**WHAT IS BEING ASKED**
Word for word, repeat the entries, minus the pictures.

**TASK MATERIAL**
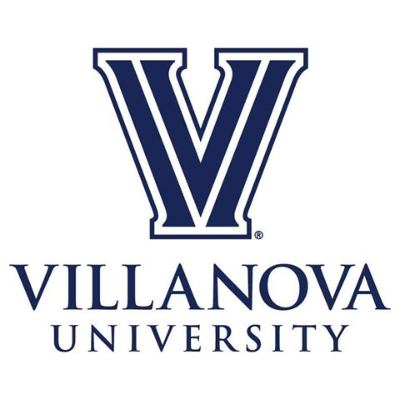 How Much Does Villanova University Pay Indeed Com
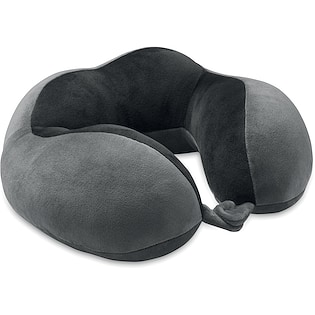 Resekudde Cosmopolis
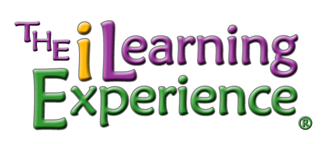 TheiLearningExperience.com Website Domain Name For Sale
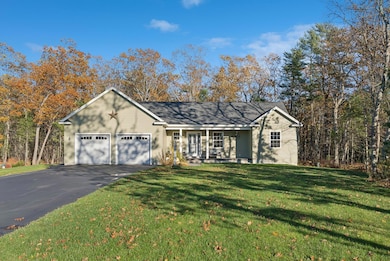 36 Dolphin Ave, Old Orchard Beach, ME 04064 - photo 2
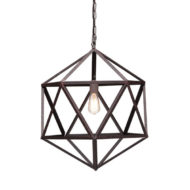 modern-light-fixture-amethyst-small-metal-chandelier-zm98241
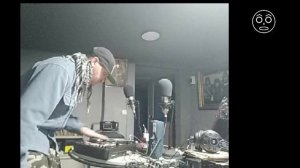 DEEJAY ZULU FRIXAN - SKRATCHAGOLIK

**YOUR RESPONSE**
 How Much Does Villanova University Pay Indeed Com
 Resekudde Cosmopolis
 TheiLearningExperience.com Website Domain Name For Sale
 36 Dolphin Ave, Old Orchard Beach, ME 04064 - photo 2
 modern-light-fixture-amethyst-small-metal-chandelier-zm98241
 DEEJAY ZULU FRIXAN - SKRATCHAGOLIK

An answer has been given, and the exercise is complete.